“Signor ministro Toninelli, il 12 luglio del 2016, sulla tratta Andria Corato, persero la vita 23 persone nello scontro frontale tra due treni, 51 i feriti”. Con queste parole ha inizio il messaggio dei familiari delle vittime del disastro ferroviario sulle linee Bari Nord, col quale chiedono, attraverso una raccolta firme online, che il Governo tolga la concessione alla società Ferrotramviaria.

“Quella tratta a binario unico era sprovvista di qualsiasi dispositivo di sicurezza, se non il blocco telefonico che secondo l’Ansf è un sistema di sicurezza obsoleto. Le chiediamo come si possa ancora oggi avere fiducia di questa società, i cui vertici sono indagati per reati a vario titolo, tra cui disastro ferroviario, omicidio colposo” aggiungono nella petizione che si rivolge al ministro delle Infrastrutture.
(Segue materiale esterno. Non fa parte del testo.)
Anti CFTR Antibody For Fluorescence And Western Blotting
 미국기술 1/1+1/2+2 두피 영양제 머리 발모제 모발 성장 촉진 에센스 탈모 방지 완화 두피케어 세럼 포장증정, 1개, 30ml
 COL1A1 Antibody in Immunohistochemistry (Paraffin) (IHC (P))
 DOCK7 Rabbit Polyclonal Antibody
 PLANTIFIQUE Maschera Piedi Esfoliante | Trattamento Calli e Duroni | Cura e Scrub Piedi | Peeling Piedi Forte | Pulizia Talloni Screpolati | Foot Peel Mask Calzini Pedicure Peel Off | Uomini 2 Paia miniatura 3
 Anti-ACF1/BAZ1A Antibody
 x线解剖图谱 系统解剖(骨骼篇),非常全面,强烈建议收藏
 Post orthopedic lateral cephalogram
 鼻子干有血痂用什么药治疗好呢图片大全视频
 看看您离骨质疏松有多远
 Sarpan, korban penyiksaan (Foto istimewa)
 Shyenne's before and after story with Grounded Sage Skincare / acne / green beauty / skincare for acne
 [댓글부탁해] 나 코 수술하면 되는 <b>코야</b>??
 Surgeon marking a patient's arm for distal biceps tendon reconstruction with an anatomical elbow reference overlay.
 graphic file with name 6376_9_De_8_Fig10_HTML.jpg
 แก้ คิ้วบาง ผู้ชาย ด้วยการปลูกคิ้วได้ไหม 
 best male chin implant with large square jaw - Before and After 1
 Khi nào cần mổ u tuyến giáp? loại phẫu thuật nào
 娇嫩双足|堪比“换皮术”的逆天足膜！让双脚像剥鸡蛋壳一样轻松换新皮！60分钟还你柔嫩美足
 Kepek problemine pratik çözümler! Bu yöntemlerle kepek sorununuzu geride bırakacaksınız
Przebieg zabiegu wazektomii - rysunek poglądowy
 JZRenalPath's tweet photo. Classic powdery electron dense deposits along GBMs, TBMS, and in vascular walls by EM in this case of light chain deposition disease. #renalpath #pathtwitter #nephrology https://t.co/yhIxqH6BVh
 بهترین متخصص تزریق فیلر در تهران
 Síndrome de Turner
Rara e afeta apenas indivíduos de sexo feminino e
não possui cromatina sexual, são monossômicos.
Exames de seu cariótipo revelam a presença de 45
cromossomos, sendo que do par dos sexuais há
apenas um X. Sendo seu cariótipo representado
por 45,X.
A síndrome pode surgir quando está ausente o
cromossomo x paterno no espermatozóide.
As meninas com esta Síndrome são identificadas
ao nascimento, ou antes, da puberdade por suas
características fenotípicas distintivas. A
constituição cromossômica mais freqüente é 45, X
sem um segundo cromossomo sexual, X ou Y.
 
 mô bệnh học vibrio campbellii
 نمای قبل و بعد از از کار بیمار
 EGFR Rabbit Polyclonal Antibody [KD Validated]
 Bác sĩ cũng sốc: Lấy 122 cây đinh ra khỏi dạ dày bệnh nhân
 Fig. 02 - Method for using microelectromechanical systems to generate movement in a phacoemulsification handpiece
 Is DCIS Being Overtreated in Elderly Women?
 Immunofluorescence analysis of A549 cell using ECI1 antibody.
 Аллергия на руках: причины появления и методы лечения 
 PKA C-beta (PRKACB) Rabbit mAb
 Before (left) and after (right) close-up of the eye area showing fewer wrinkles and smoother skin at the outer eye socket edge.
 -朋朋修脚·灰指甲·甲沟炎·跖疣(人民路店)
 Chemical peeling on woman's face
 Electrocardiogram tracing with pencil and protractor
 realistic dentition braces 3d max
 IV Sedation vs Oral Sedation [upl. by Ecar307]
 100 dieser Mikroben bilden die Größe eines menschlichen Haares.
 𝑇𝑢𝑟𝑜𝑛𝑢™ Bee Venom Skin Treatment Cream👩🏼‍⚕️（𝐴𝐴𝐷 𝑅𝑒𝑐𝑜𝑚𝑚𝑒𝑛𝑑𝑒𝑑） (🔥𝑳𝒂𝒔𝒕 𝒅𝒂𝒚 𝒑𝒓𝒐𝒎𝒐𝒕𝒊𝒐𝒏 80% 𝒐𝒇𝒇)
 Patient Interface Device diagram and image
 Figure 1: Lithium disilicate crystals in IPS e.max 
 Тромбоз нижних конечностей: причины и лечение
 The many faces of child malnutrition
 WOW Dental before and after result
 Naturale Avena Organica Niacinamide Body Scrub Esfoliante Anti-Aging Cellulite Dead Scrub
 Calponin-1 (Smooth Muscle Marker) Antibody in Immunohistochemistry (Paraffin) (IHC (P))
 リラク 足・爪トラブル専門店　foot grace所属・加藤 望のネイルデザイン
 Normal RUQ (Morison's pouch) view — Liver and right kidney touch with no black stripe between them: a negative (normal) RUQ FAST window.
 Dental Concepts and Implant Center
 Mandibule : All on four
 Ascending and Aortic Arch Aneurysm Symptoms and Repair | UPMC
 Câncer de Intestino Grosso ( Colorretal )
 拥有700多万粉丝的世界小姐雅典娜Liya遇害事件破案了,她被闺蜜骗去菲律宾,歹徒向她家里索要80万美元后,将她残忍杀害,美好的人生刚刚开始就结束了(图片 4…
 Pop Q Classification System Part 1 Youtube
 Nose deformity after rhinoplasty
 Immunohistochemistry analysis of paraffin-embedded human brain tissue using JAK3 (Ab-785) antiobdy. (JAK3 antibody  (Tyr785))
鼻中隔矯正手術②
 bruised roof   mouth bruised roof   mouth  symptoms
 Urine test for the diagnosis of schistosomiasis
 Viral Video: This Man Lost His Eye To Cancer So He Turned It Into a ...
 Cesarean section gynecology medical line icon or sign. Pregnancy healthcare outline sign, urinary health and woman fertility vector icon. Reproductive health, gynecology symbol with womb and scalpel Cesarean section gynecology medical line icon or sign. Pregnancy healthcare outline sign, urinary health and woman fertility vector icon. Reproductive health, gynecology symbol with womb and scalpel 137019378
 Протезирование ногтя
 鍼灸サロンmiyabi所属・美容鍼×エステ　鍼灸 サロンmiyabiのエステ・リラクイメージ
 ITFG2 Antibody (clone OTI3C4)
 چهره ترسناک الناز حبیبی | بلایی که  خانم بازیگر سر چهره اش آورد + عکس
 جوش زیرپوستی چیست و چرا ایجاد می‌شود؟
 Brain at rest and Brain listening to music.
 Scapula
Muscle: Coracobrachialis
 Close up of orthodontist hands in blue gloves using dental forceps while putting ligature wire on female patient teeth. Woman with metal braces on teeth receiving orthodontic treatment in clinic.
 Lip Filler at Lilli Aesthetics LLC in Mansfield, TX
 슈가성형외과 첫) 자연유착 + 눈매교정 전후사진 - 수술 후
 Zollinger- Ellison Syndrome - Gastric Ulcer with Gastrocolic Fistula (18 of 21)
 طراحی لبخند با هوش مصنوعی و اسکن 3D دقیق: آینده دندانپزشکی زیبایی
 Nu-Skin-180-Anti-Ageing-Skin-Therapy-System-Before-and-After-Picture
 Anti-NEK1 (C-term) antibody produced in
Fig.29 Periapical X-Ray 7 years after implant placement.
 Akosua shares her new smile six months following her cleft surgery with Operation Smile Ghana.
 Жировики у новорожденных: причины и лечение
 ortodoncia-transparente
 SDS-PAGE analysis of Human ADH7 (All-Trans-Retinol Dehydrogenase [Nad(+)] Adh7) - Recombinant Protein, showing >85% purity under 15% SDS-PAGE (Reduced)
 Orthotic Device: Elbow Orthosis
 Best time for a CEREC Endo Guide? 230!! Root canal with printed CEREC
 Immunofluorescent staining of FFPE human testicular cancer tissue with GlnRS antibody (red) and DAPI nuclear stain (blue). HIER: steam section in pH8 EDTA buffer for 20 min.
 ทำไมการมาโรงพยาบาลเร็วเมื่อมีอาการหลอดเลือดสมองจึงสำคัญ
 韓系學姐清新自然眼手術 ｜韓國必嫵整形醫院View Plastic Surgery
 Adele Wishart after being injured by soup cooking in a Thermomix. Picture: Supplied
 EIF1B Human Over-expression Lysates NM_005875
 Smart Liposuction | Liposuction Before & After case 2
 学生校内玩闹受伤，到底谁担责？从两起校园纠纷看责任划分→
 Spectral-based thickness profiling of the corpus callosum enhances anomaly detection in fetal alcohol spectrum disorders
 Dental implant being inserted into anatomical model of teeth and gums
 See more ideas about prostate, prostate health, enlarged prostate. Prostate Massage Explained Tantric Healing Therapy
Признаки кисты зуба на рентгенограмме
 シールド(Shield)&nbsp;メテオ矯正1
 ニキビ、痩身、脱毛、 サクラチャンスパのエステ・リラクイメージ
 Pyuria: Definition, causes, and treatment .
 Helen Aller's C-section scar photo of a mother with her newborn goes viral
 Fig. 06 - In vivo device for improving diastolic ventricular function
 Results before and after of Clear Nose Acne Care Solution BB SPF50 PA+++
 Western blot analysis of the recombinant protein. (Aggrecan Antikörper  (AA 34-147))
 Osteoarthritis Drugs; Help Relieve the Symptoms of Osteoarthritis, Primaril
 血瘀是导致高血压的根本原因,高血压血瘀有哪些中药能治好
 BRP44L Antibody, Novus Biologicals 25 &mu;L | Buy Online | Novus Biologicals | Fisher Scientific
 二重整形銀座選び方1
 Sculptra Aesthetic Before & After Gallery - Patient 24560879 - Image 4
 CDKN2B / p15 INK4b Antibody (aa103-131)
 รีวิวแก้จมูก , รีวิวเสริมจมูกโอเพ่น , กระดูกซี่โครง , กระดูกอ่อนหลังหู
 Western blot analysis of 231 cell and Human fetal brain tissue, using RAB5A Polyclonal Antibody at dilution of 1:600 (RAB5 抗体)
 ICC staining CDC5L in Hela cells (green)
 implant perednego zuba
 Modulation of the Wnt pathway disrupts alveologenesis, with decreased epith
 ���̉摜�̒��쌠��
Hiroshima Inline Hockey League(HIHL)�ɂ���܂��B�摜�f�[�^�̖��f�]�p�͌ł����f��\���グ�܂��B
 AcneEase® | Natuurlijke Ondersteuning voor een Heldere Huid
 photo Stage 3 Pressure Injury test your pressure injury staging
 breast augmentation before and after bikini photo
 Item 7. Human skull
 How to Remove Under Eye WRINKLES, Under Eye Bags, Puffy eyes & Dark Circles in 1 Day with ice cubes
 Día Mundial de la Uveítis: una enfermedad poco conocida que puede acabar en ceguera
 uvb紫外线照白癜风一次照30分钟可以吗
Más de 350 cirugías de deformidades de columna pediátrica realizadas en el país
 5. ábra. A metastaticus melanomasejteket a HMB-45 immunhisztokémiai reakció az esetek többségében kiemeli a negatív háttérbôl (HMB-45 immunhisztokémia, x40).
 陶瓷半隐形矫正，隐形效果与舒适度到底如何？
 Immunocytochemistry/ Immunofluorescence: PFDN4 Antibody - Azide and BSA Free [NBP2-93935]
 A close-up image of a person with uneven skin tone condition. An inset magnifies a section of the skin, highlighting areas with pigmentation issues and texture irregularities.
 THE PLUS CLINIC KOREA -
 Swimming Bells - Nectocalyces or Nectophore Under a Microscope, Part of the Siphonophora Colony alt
La petizione ha finora raccolto all’incirca 600 firme e si prefigge di arrivare per lo meno a quota mille. Per questo gli stessi parenti, amici e conoscenti delle vittime sono impegnati nella diffusione attraverso le condivisioni sui canali social, a partire da Facebook, per raccogliere adesioni.

“Le chiediamo di prendere provvedimenti seri – conclude la petizione – al più presto per fare in modo che questa parte di regione non continui ad essere spaccata in due parti distinte dal 2016, anno in cui il disastro ferroviario  ha cancellato per sempre ed in modo tragico 23 vite”.